Il Congresso Usa punta a ripristinare la deducibilità totale delle perdite di gioco
Al Congresso degli Stati Uniti è stata avviata un’iniziativa legislativa, sostenuta sia da Democratici sia da Repubblicani, con l’obiettivo di ripristinare una norma fiscale federale in vigore per decenni. Questa regola permetteva ai giocatori di compensare interamente le perdite subite nel gioco con le vincite ottenute, evitando così di pagare imposte su somme non realmente guadagnate. La proposta nasce per correggere una recente modifica al codice tributario che, secondo l’industria dei casinò, rischia di produrre effetti negativi diretti sull’affluenza, sulla spesa dei clienti e, di conseguenza, sui ricavi delle strutture di gioco.
Il disegno di legge, denominato Facilitating useful loss limitations to help our unique service economy (Full House) Act, è stato presentato dai deputati Steven Horsford (Nevada) e Max Miller (Ohio) in risposta alle recenti modifiche al codice tributario che hanno suscitato forti critiche soprattutto tra gli operatori dei casinò, preoccupati per un possibile calo del volume di gioco e del turismo legato al gambling.
COSA CAMBIA CON IL FULL HOUSE – Il disegno di legge prende di mira una specifica disposizione contenuta nel pacchetto di riforma fiscale promosso dai Repubblicani, informalmente noto come 'Big Beautiful Bill'. Tale norma ha modificato il trattamento delle perdite di gioco all’interno dell’Internal Revenue Code, riducendo la quota deducibile dal 100 al 90 percento.
Secondo i critici, questa modifica genera un'evidente distorsione: i giocatori possono trovarsi a pagare imposte anche quando il loro risultato netto è pari a zero. In pratica, una parte delle perdite non è più deducibile, con la conseguenza di poter essere tassati su redditi mai effettivamente incassati.

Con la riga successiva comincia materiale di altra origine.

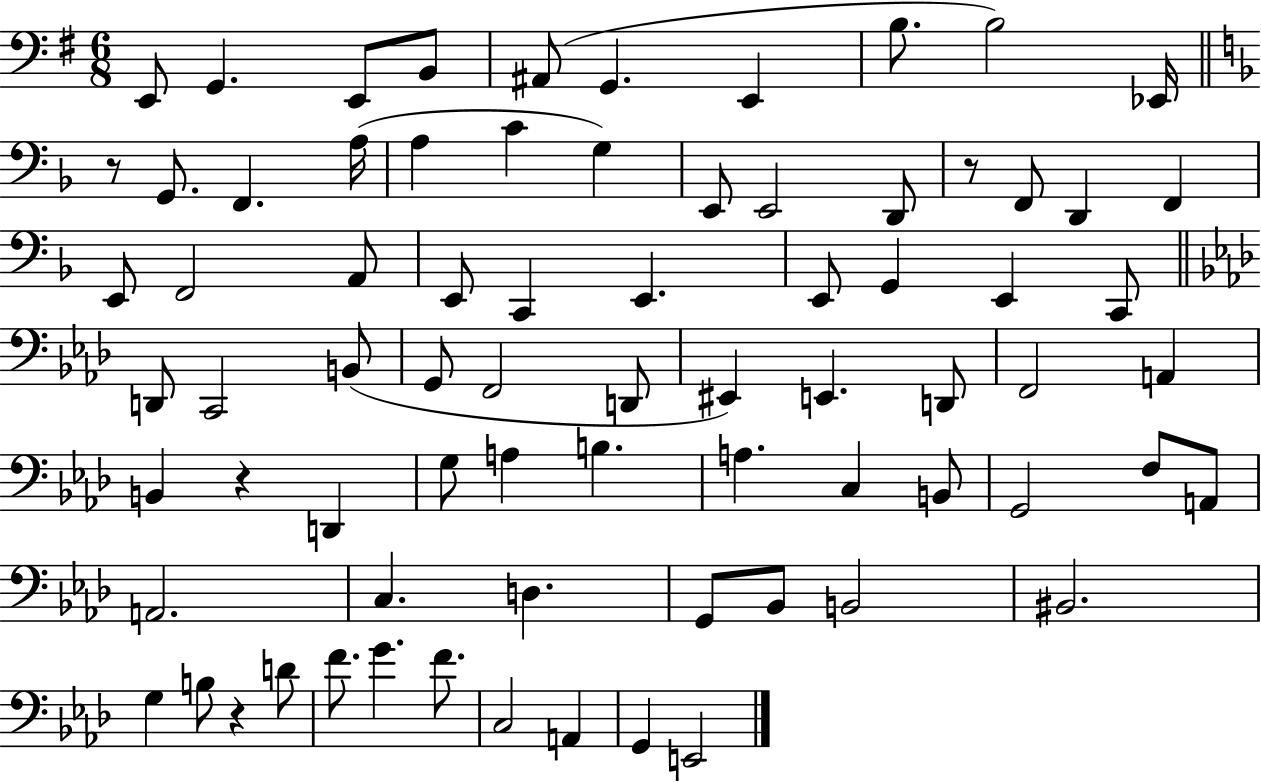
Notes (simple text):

E2/e G2/q. E2/e B2/e A#2/e G2/q. E2/q B3/e. B3/h Eb2/s R/e G2/e. F2/q. A3/s A3/q C4/q G3/q E2/e E2/h D2/e R/e F2/e D2/q F2/q E2/e F2/h A2/e E2/e C2/q E2/q. E2/e G2/q E2/q C2/e D2/e C2/h B2/e G2/e F2/h D2/e EIS2/q E2/q. D2/e F2/h A2/q B2/q R/q D2/q G3/e A3/q B3/q. A3/q. C3/q B2/e G2/h F3/e A2/e A2/h. C3/q. D3/q. G2/e Bb2/e B2/h BIS2/h. G3/q B3/e R/q D4/e F4/e. G4/q. F4/e. C3/h A2/q G2/q E2/h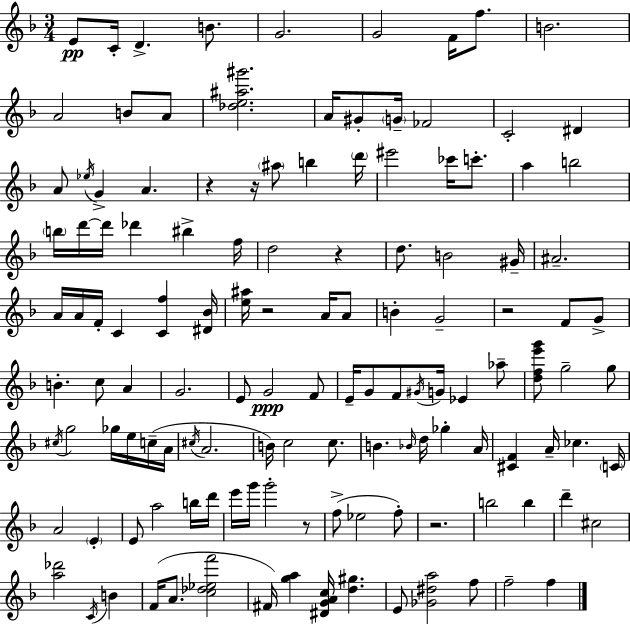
{
  \clef treble
  \numericTimeSignature
  \time 3/4
  \key f \major
  \repeat volta 2 { e'8\pp c'16-. d'4.-> b'8. | g'2. | g'2 f'16 f''8. | b'2. | \break a'2 b'8 a'8 | <des'' e'' ais'' gis'''>2. | a'16 gis'8-. \parenthesize g'16-- fes'2 | c'2-. dis'4 | \break a'8 \acciaccatura { ees''16 } g'4-> a'4. | r4 r16 \parenthesize ais''8 b''4 | \parenthesize d'''16 eis'''2 ces'''16 c'''8.-. | a''4 b''2 | \break \parenthesize b''16 d'''16~~ d'''16 des'''4 bis''4-> | f''16 d''2 r4 | d''8. b'2 | gis'16-- ais'2.-- | \break a'16 a'16 f'16-. c'4 <c' f''>4 | <dis' bes'>16 <e'' ais''>16 r2 a'16 a'8 | b'4-. g'2-- | r2 f'8 g'8-> | \break b'4.-. c''8 a'4 | g'2. | e'8 g'2\ppp f'8 | e'16-- g'8 f'8 \acciaccatura { gis'16 } g'16 ees'4 | \break aes''8-- <d'' f'' e''' g'''>8 g''2-- | g''8 \acciaccatura { cis''16 } g''2 ges''16 | e''16 c''16--( a'16 \acciaccatura { cis''16 } a'2. | b'16) c''2 | \break c''8. b'4. \grace { bes'16 } d''16 | ges''4-. a'16 <cis' f'>4 a'16-- ces''4. | \parenthesize c'16 a'2 | \parenthesize e'4-. e'8 a''2 | \break b''16 d'''16 e'''16 g'''16 g'''2-. | r8 f''8->( ees''2 | f''8-.) r2. | b''2 | \break b''4 d'''4-- cis''2 | <a'' des'''>2 | \acciaccatura { c'16 } b'4 f'16( a'8. <c'' des'' ees'' f'''>2 | fis'16) <g'' a''>4 <dis' g' a' c''>16 | \break <d'' gis''>4. e'8 <ges' dis'' a''>2 | f''8 f''2-- | f''4 } \bar "|."
}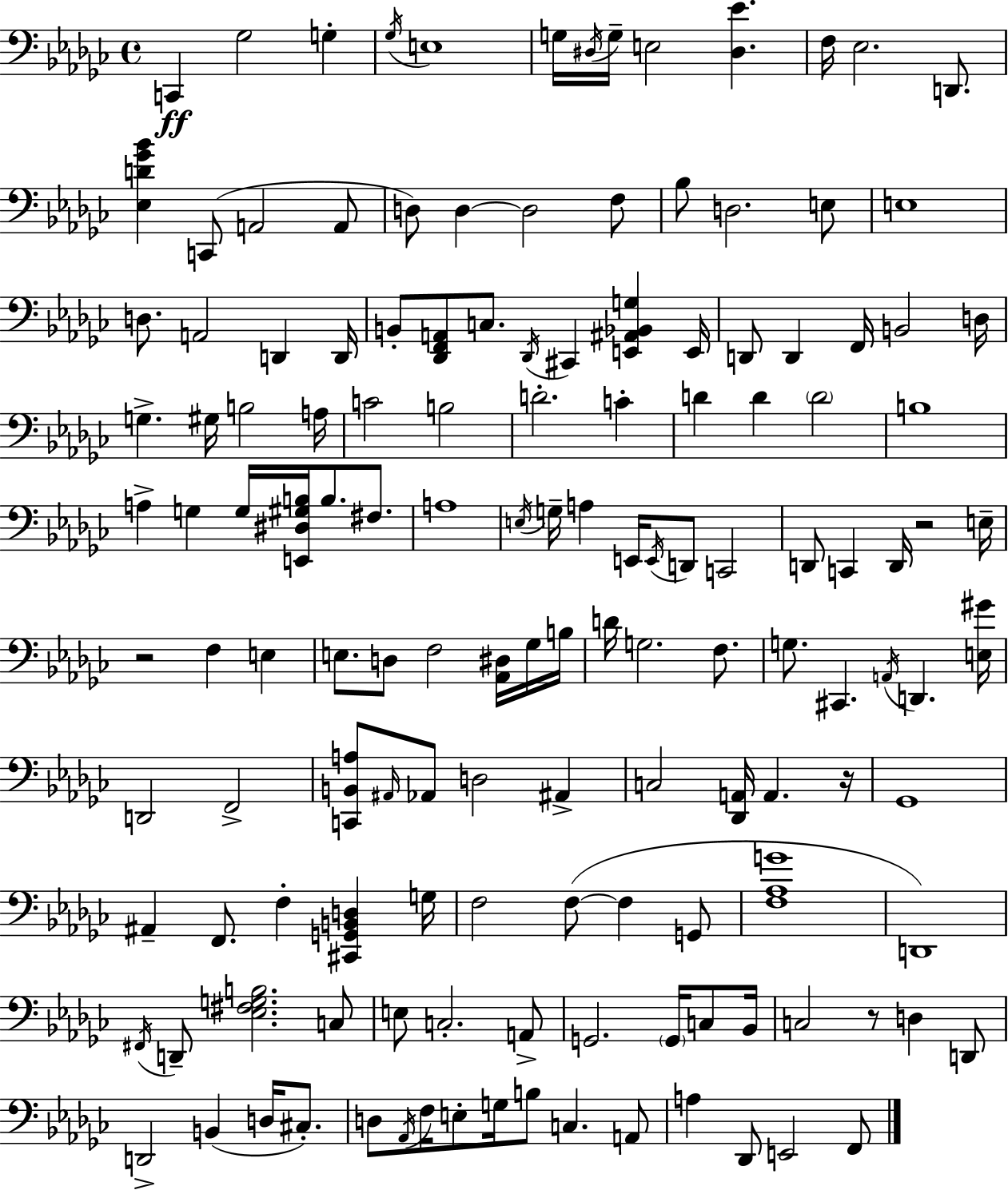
C2/q Gb3/h G3/q Gb3/s E3/w G3/s D#3/s G3/s E3/h [D#3,Eb4]/q. F3/s Eb3/h. D2/e. [Eb3,D4,Gb4,Bb4]/q C2/e A2/h A2/e D3/e D3/q D3/h F3/e Bb3/e D3/h. E3/e E3/w D3/e. A2/h D2/q D2/s B2/e [Db2,F2,A2]/e C3/e. Db2/s C#2/q [E2,A#2,Bb2,G3]/q E2/s D2/e D2/q F2/s B2/h D3/s G3/q. G#3/s B3/h A3/s C4/h B3/h D4/h. C4/q D4/q D4/q D4/h B3/w A3/q G3/q G3/s [E2,D#3,G#3,B3]/s B3/e. F#3/e. A3/w E3/s G3/s A3/q E2/s E2/s D2/e C2/h D2/e C2/q D2/s R/h E3/s R/h F3/q E3/q E3/e. D3/e F3/h [Ab2,D#3]/s Gb3/s B3/s D4/s G3/h. F3/e. G3/e. C#2/q. A2/s D2/q. [E3,G#4]/s D2/h F2/h [C2,B2,A3]/e A#2/s Ab2/e D3/h A#2/q C3/h [Db2,A2]/s A2/q. R/s Gb2/w A#2/q F2/e. F3/q [C#2,G2,B2,D3]/q G3/s F3/h F3/e F3/q G2/e [F3,Ab3,G4]/w D2/w F#2/s D2/e [Eb3,F#3,G3,B3]/h. C3/e E3/e C3/h. A2/e G2/h. G2/s C3/e Bb2/s C3/h R/e D3/q D2/e D2/h B2/q D3/s C#3/e. D3/e Ab2/s F3/s E3/e G3/s B3/e C3/q. A2/e A3/q Db2/e E2/h F2/e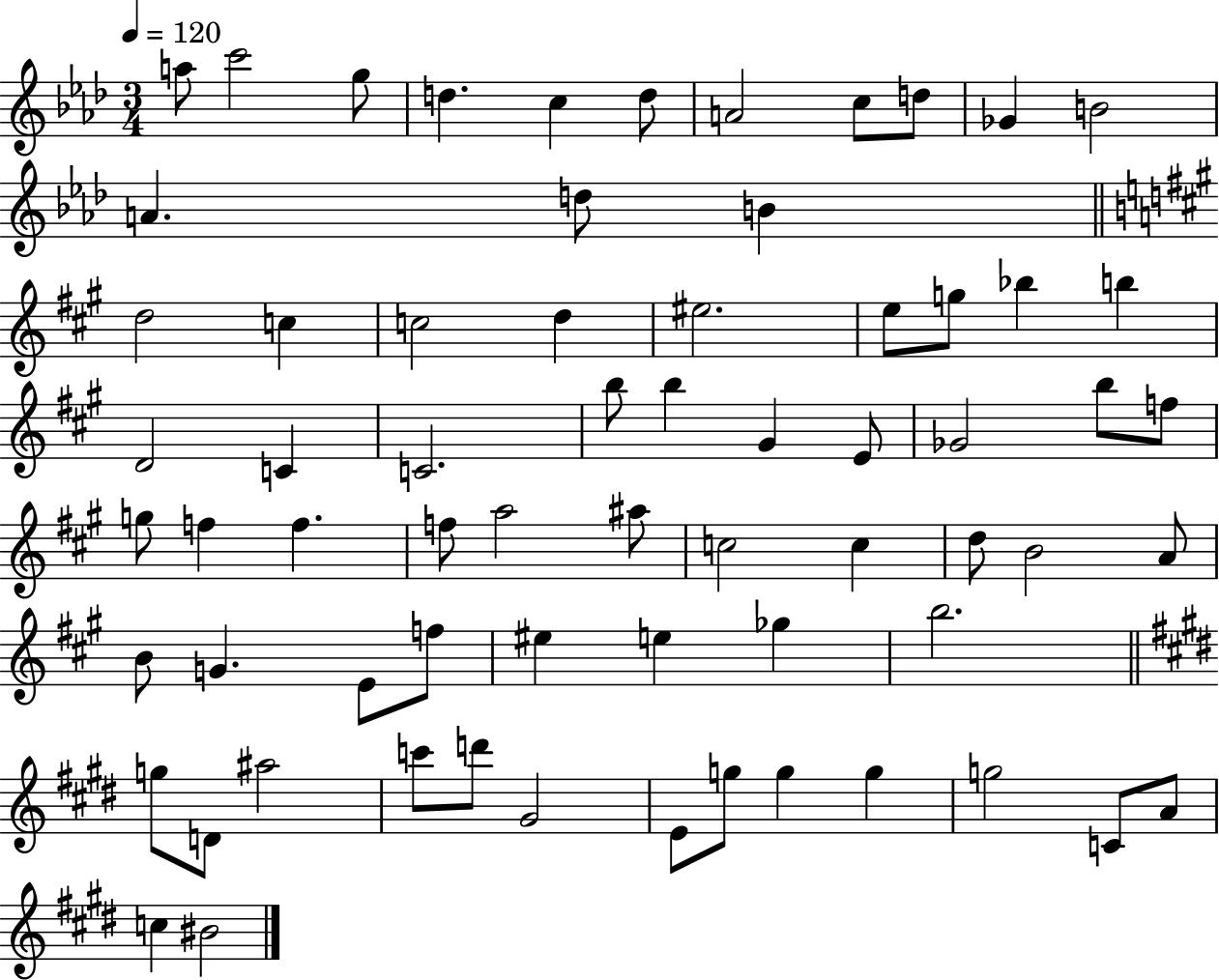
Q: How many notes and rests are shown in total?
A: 67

Preoccupazione, in questo senso, è stata espressa, oltre che dai casinò, anche dal mondo del poker.
La proposta di legge mira a tornare al regime precedente, ripristinando la possibilità di dedurre interamente le perdite derivanti da scommesse e giochi, entro il limite delle vincite realizzate.
LE POSIZIONI DEI PROMOTORI – "Tassare le persone su denaro che non hanno mai realmente guadagnato è profondamente ingiusto e dannoso per l’economia del Nevada", ha dichiarato il deputato Horsford. "Questa politica rischia di spingere il turismo verso altri Stati. Esiste un ampio consenso bipartisan sul fatto che questa disposizione sia stata un errore e che il Congresso debba intervenire per correggerla".
Sulla stessa linea anche il deputato Miller, che ha sottolineato il principio di equità fiscale: "Il Full House Act riguarda la correttezza di base del sistema tributario. Gli americani non dovrebbero essere tassati su soldi che non hanno realmente portato a casa. Ripristinare la deduzione completa delle perdite di gioco significa garantire che l’Irs (l’agenzia federale delle entrate degli Stati Uniti, Ndr) tratti i contribuenti in modo onesto e coerente".
TEMPISTICHE E CONTENUTO DELLA PROPOSTA – Il disegno di legge, identificato come H.R. 6985, è stato presentato ufficialmente l’8 gennaio 2026 e assegnato alle commissioni competenti. Se approvato, le modifiche si applicherebbero agli anni fiscali successivi al 31 dicembre 2025. Nel dettaglio, intende ripristinare la Sezione 165(d) dell’Internal Revenue Code nella sua formulazione originaria, consentendo la deduzione delle perdite da attività di gioco esclusivamente fino all’ammontare delle vincite, includendo anche le spese correlate sostenute nel corso dell’attività di gambling.
I legislatori hanno avvertito che l’attuale limite alla deducibilità potrebbe scoraggiare l'organizzazione di grandi eventi di gioco e ridurre le entrate legate al turismo, un settore vitale, in particolare per il Nevada, uno Stato fortemente dipendente dall’industria dell’ospitalità e dei casinò.
UN SECONDO TENTATIVO – Il Full House Act arriva dopo un precedente tentativo della deputata Dina Titus, che aveva proposto il Fair bet sct per affrontare la stessa problematica. Quel provvedimento, tuttavia, non era riuscito ad avanzare nel percorso legislativo, bloccato dalla Rules Committee.
Ora, con un sostegno bipartisan più ampio e un settore del gaming in allarme, il Congresso è chiamato a decidere se correggere una norma che, secondo molti addetti ai lavori, penalizza ingiustamente i giocatori e rischia di avere effetti negativi sull’intera economia del gioco statunitense.